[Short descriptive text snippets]
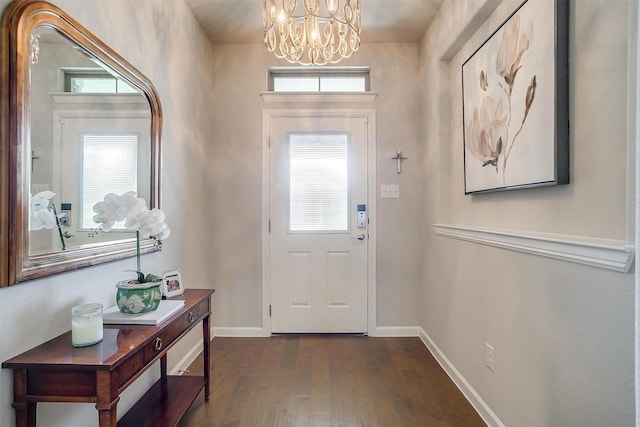 5656 Barco Rd, Fort Worth, TX 76126 - entryway with a chandelier, dark wood-type flooring, and plenty of natural light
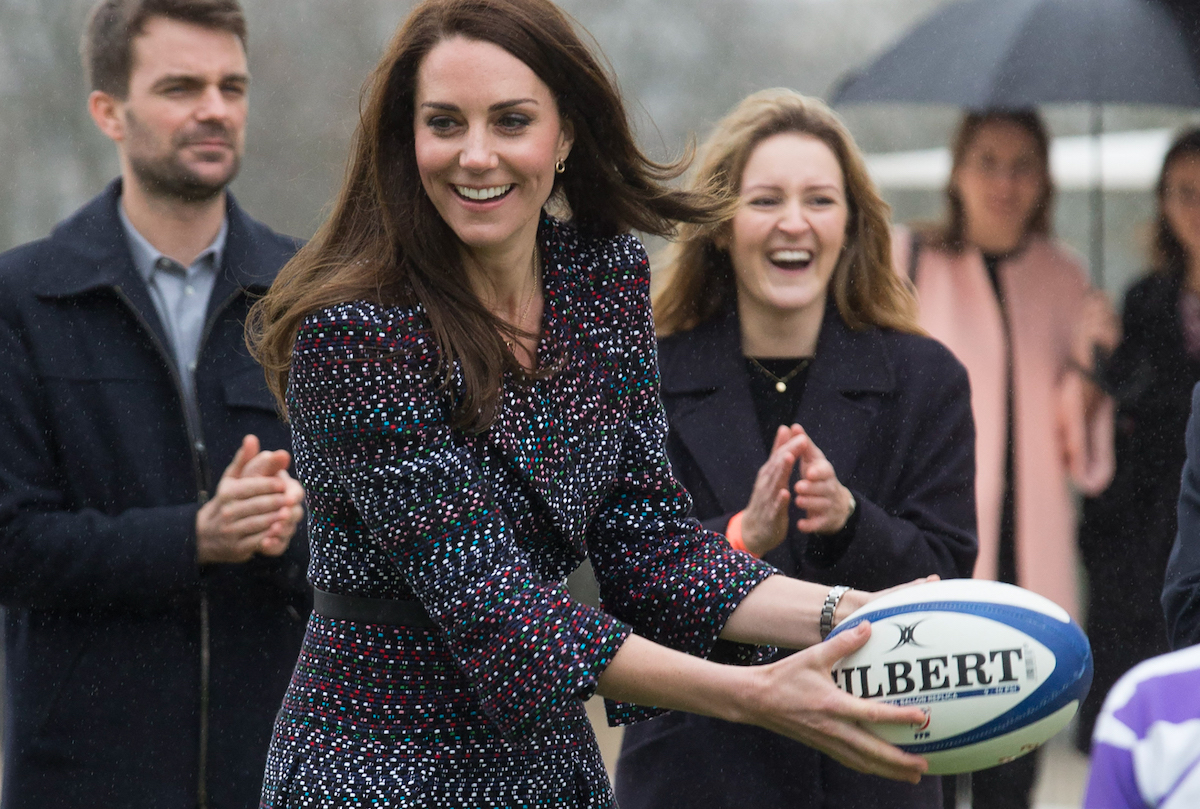 The Duchess of Cambridge has a go at rugby training with local school children during an event at the Trocadero in Paris, France, to highlight the ties between the young people of France and the UK on day two of their visit to the French capital.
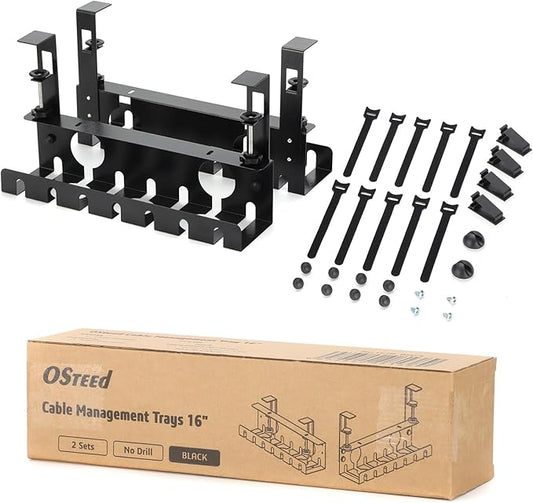 Under Desk Cable Management Tray 2 Pack Black, No Drill Cord Organizer with Clamp for Wire Management, Home & Office Accessories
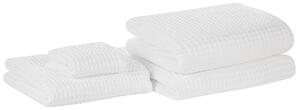 Komplet 4 ręczników łazienkowych dla gości bawełna zero twist biały Areora Beliani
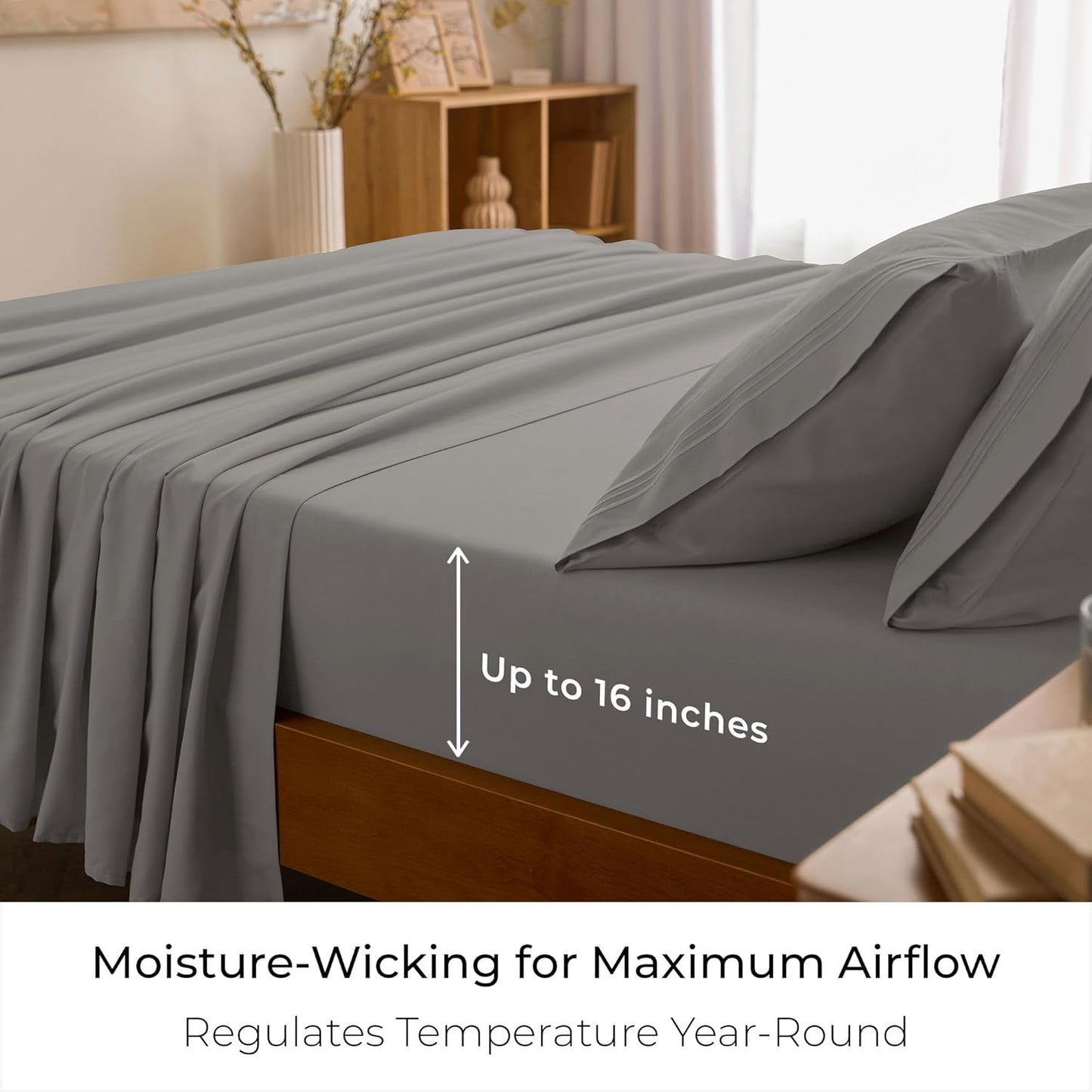 Mellanni King Sheets Set - Hotel Luxury Bedding | Extra Soft, Cooling, Wrinkle-Resistant (King, Taupe)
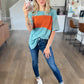 Color-block Round Neck Short Sleeve Tee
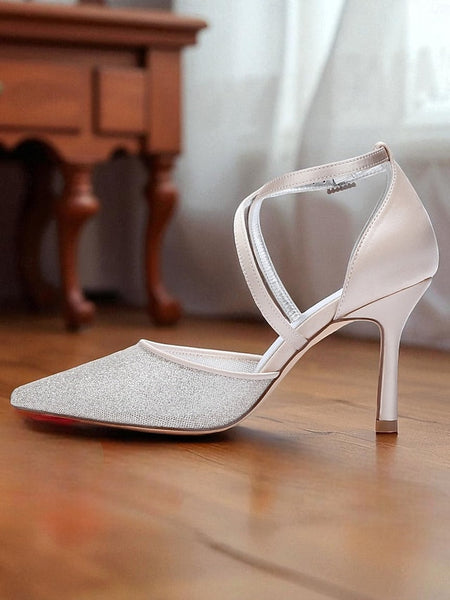 Women's Strap Ankle Silver Heels Elegant - Glitter Stiletto FashionChic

- [Exercise description]: All of the entries above need to be repeated exactly, minus the pictures.

- [Answer]:
 5656 Barco Rd, Fort Worth, TX 76126 - entryway with a chandelier, dark wood-type flooring, and plenty of natural light
 The Duchess of Cambridge has a go at rugby training with local school children during an event at the Trocadero in Paris, France, to highlight the ties between the young people of France and the UK on day two of their visit to the French capital.
 Under Desk Cable Management Tray 2 Pack Black, No Drill Cord Organizer with Clamp for Wire Management, Home & Office Accessories
 Komplet 4 ręczników łazienkowych dla gości bawełna zero twist biały Areora Beliani
 Mellanni King Sheets Set - Hotel Luxury Bedding | Extra Soft, Cooling, Wrinkle-Resistant (King, Taupe)
 Color-block Round Neck Short Sleeve Tee
 Women's Strap Ankle Silver Heels Elegant - Glitter Stiletto FashionChic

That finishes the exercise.